Goal of the exercise:
The expected output is the full data, repeated exactly, without pictures.

Data records:
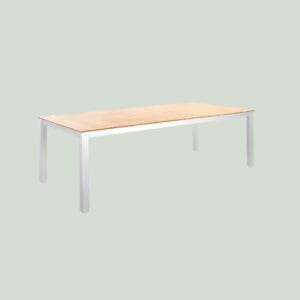 YOI Arashi tuintafel aluminium - 220x100cm - white/teak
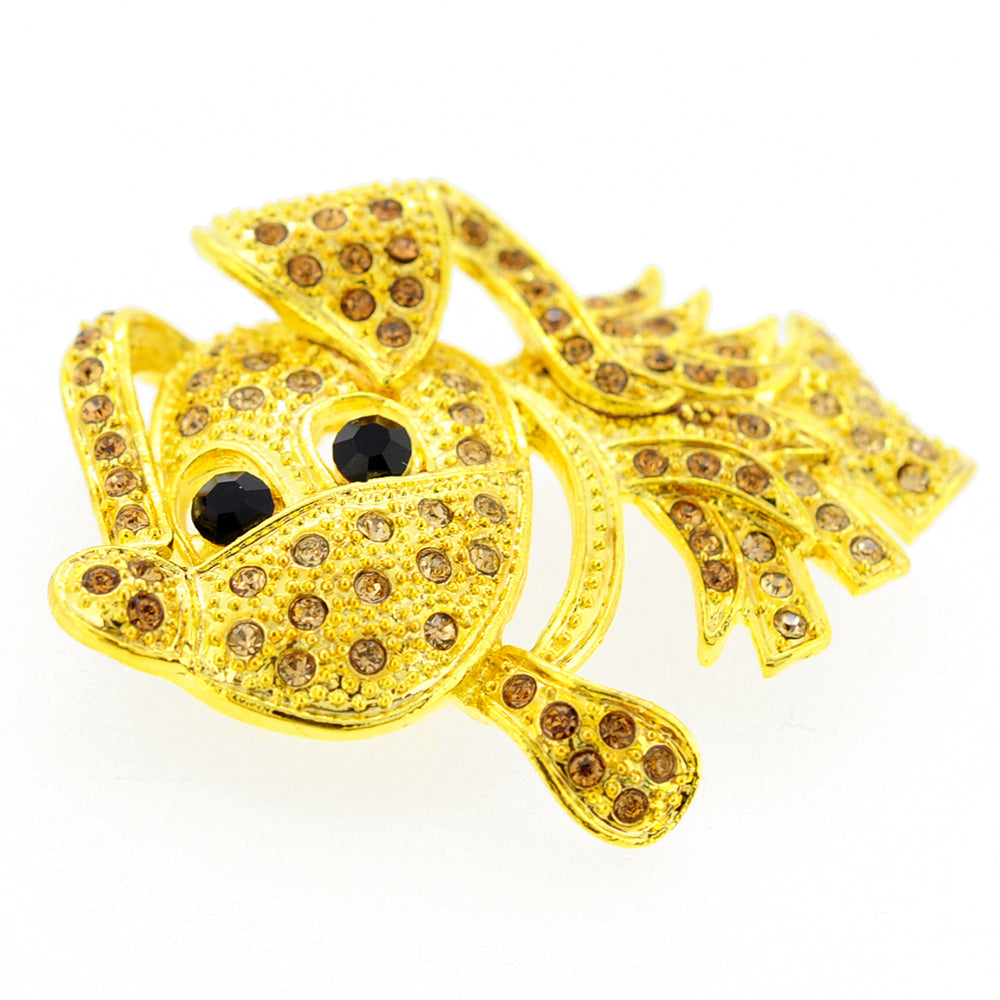 Golden Topaz Brown Dog Crystal Pin Brooch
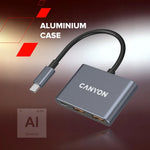 CANYON DS-3 3-portu USB-C HUB, 2×USB-A + USB-C, 10Gbit/s, pelēks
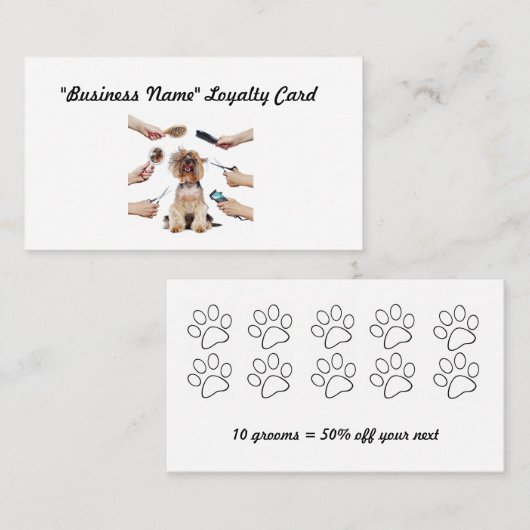 Dog Grooming Loyalty-kaart Klantenkaartje (Voorkant / Achterkant)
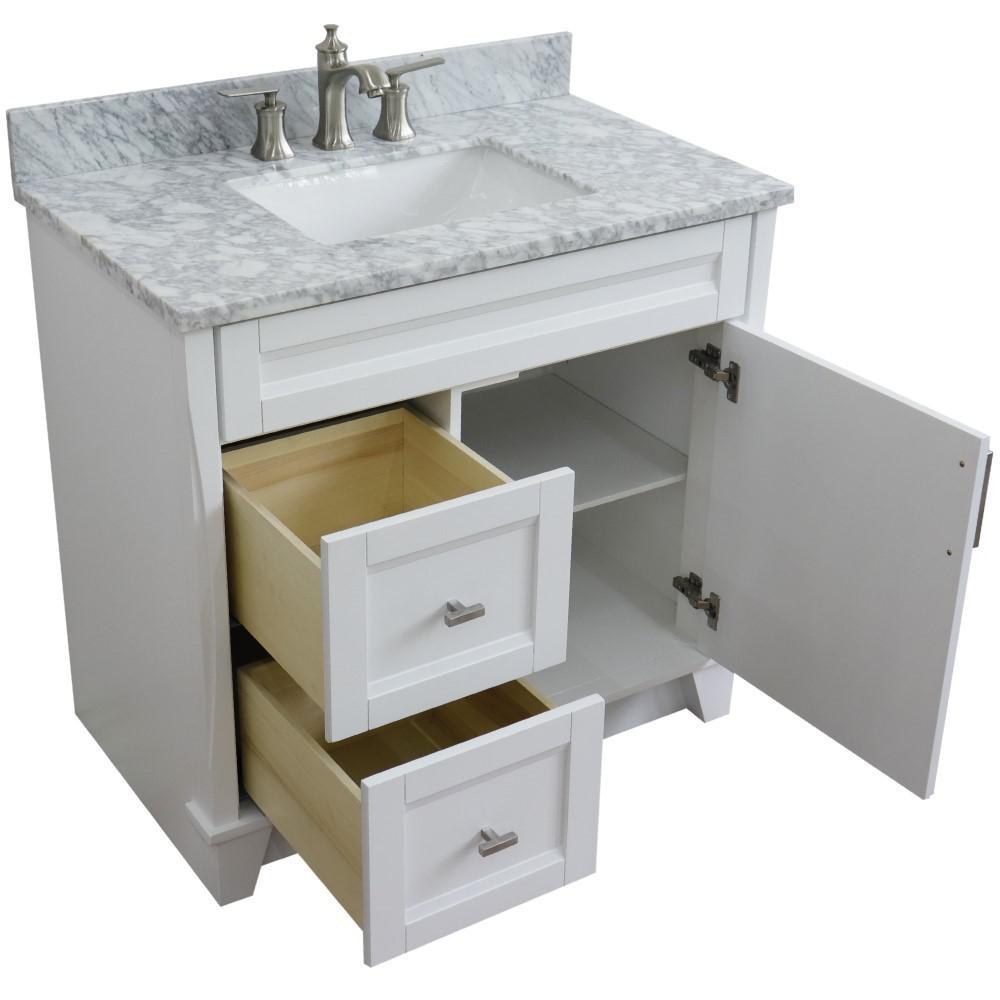Single sink vanity in White with White Carrara marble and rectangle sink. Picture 3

Result of the task:
 YOI Arashi tuintafel aluminium - 220x100cm - white/teak
 Golden Topaz Brown Dog Crystal Pin Brooch
 CANYON DS-3 3-portu USB-C HUB, 2×USB-A + USB-C, 10Gbit/s, pelēks
 Dog Grooming Loyalty-kaart Klantenkaartje (Voorkant / Achterkant)
Single sink vanity in White with White Carrara marble and rectangle sink. Picture 3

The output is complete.